Logement : les maires récalcitrants à construire seront-ils pénalisés ?

Par Mathias Thépot  |   |  627  mots
Jean-Paul Huchon, le président de la région Ile-de-France s'est inquiété du nombre de 5.000 logements stoppés par des nouveaux maires.
En Ile-de-France, la tension monte entre la région, soutenue par l’Etat, et les maires fraîchement élus qui stoppent des programmes de constructions de logements.
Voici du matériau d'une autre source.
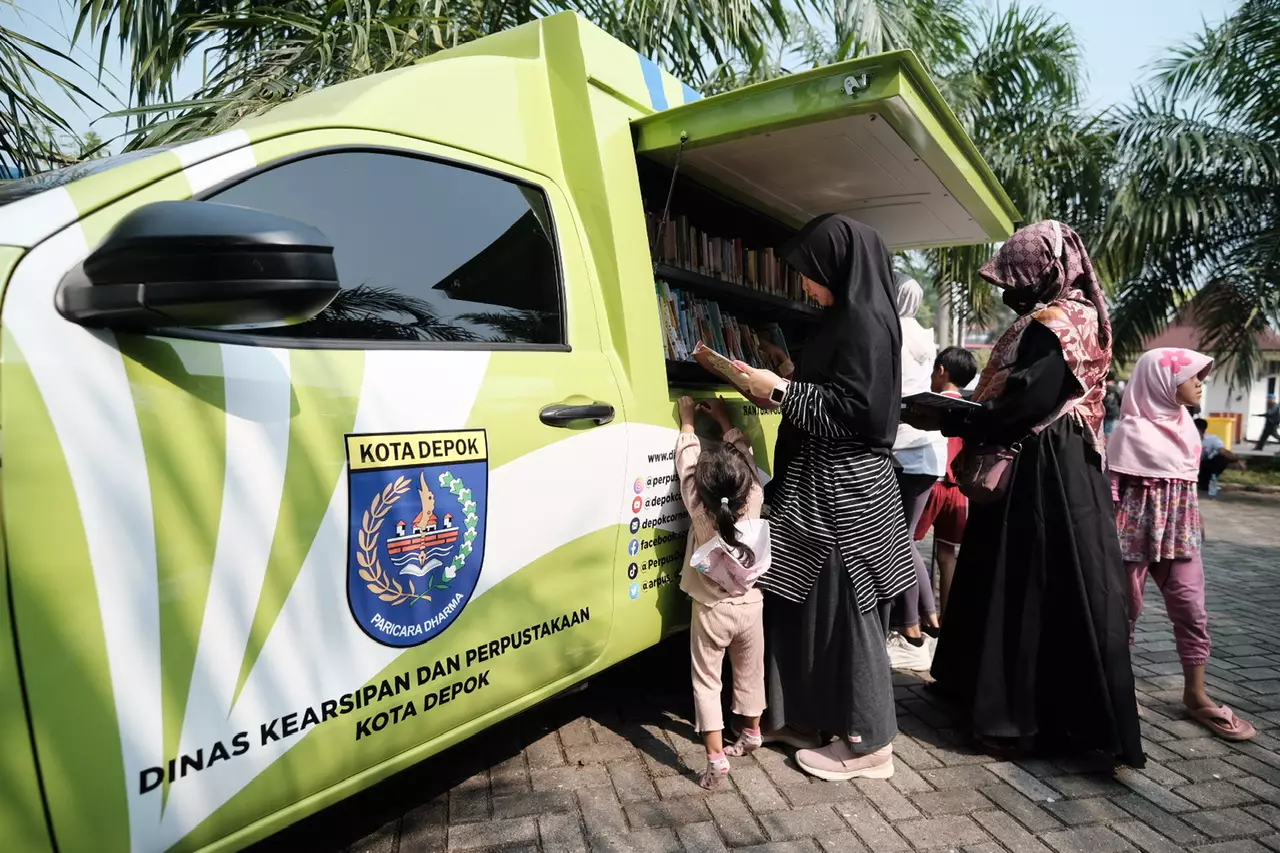 Perpustakaan Keliling di Alun-alun Depok Diserbu Warga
Le raz-de-marée bleu aux dernières élections municipales de mars, qui a vu la gauche perdre 155 villes de plus de 9.000 habitants, remet en cause un certain nombre d'opérations de constructions de logements, notamment sociaux. La situation est particulièrement marquée en Ile-de-France où les besoins en nouveaux logements sont pourtant les plus criants.

5.000 logements arrêtés

En effet depuis les élections municipales de mars 2014, la mise en chantier de plusieurs milliers logements a été stoppée par des maires franciliens fraîchement élus. Ce qui préoccupe fortement l'Etat et la région Ile-de-France.
Ensemble, ils ont dressé un état des lieux encore partiel des projets de construction dans la région : "43 sites ont été recensés par l'Institut d'Aménagement et d'urbanisme (IAU) d'Ile-de-France et le conseil régional où sont engagées des opérations majeures représentant 20.000 logements. Nous veillerons à ce que ces projets soient menés à leur terme", a assuré mercredi Jean-Paul Huchon, le président PS de la Région IDF. Avant de rappeler qu'en juin, il s'était "inquiété de 5.000 logements arrêtés par des nouveaux maires".
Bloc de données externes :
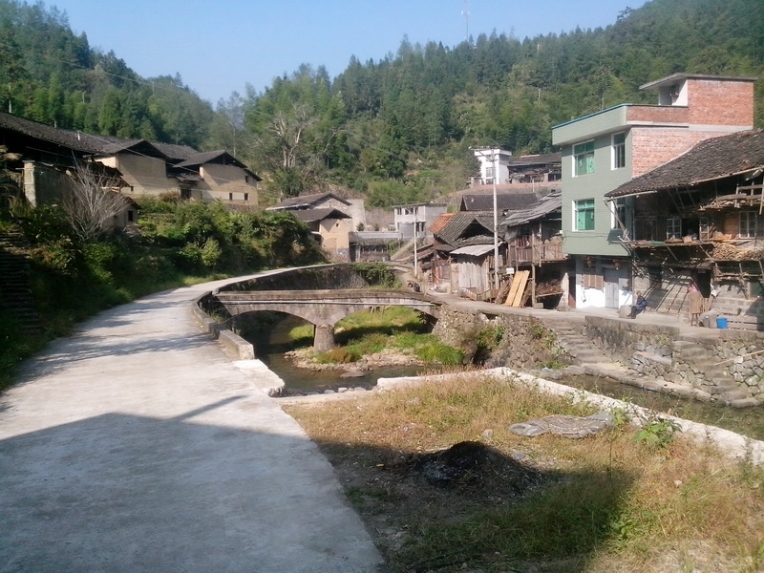 IMG_20131003_090548_调整大小.jpg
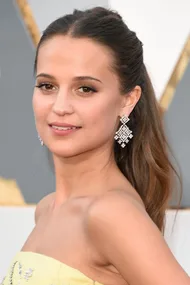 Beauty Chameleon: Alicia Vikander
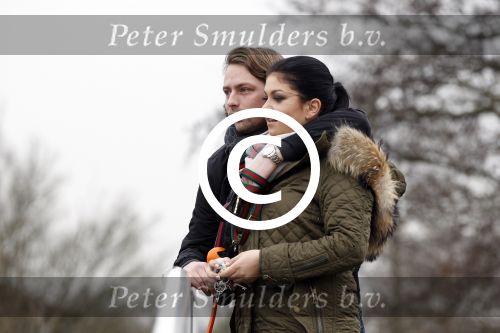 Vinkeveen 25 januari 2012
Roxeanne Hazes en haar vriend Nick laten samen hun hond uit.
Peter Smulders bv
Les bailleurs sociaux très inquiets

L'angoisse monte tout particulièrement chez les bailleurs sociaux. Très implanté en Ile-de-France, 3F a par exemple déjà indiqué que 1.700 de ses logements dans diverses communes de l'hexagone ont été retardés, voire définitivement perdus à cause d'interventions intempestives de maires qui ont fait leur campagne contre des projets de construction. Au milieu de l'été, Libération a par exemple épinglé l'UMP fraîchement élu à Chelles (Seine-et-Marne) Brice Rabaste qui a annulé le permis de construire de 52 logements sociaux prévu par l'ancienne municipalité pour ne pas "dénaturer" le paysage.
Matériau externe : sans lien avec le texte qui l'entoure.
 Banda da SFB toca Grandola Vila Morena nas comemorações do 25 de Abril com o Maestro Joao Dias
Négociations avec les maires

Afin d'éviter que ce type de situation ne se reproduise, la région Ile-de-France opte pour une posture de négociation. "Chaque préfet de département va avoir des discussions avec ces maires qui ont bloqué des projets", a expliqué le préfet de région Jean Daubigny. "C'est l'engagement de chaque commune qui nous permettra d'atteindre l'objectif (de 70.000 nouveaux logements par an) qu'attendent les Franciliens" pour résoudre la pénurie qui touche la région francilienne, a-t-il insisté.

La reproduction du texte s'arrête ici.